» WHAT THIS TASK INVOLVES
Take nothing but the lines from the one with "2025秋季新款女装潮流百搭印花撞色条纹拼接长袖T恤上衣450200" through the one with "Women's Casual Stretch" in the entries below, both ends kept, and return them exactly with pictures left out.

Top of RECORDS

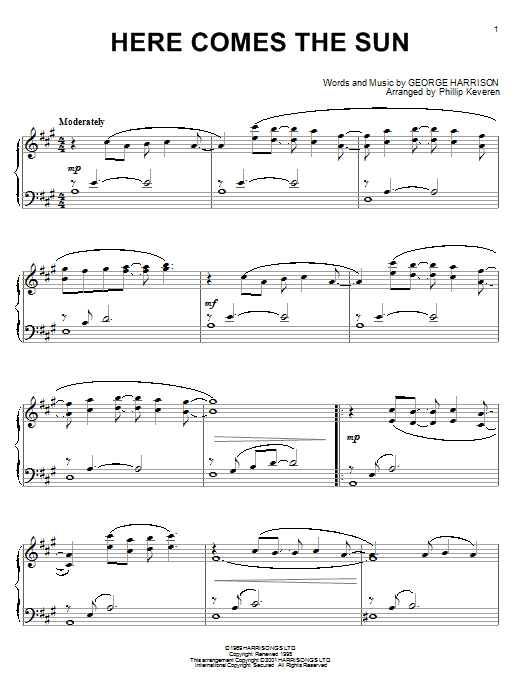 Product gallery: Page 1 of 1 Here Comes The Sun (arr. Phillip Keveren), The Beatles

Bottom of RECORDS
Top of RECORDS

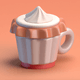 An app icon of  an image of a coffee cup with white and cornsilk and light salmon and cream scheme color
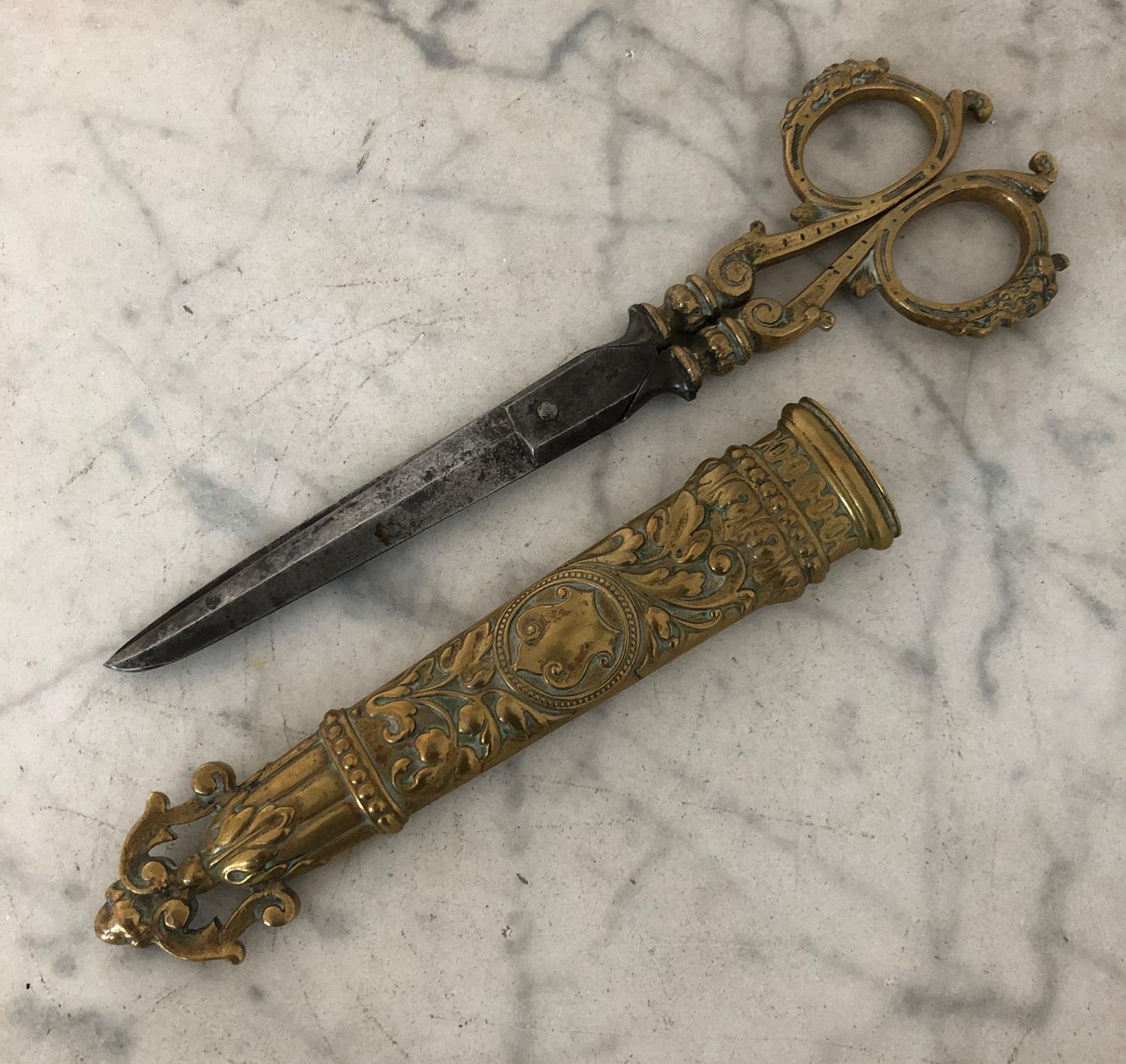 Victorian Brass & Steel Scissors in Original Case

Bottom of RECORDS
Top of RECORDS

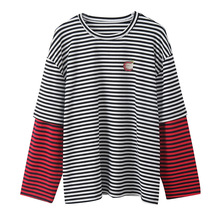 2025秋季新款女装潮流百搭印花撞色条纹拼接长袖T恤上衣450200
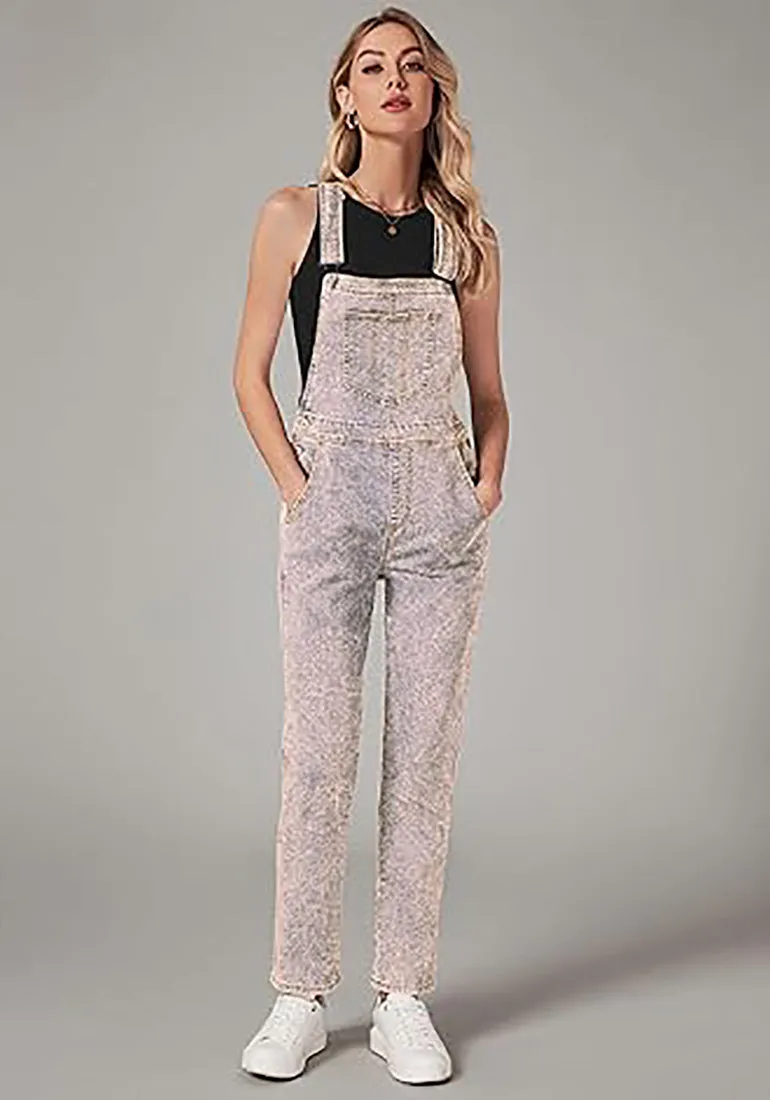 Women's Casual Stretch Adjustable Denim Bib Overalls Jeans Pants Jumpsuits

Bottom of RECORDS

» TASK OUTPUT
 2025秋季新款女装潮流百搭印花撞色条纹拼接长袖T恤上衣450200
 Women's Casual Stretch Adjustable Denim Bib Overalls Jeans Pants Jumpsuits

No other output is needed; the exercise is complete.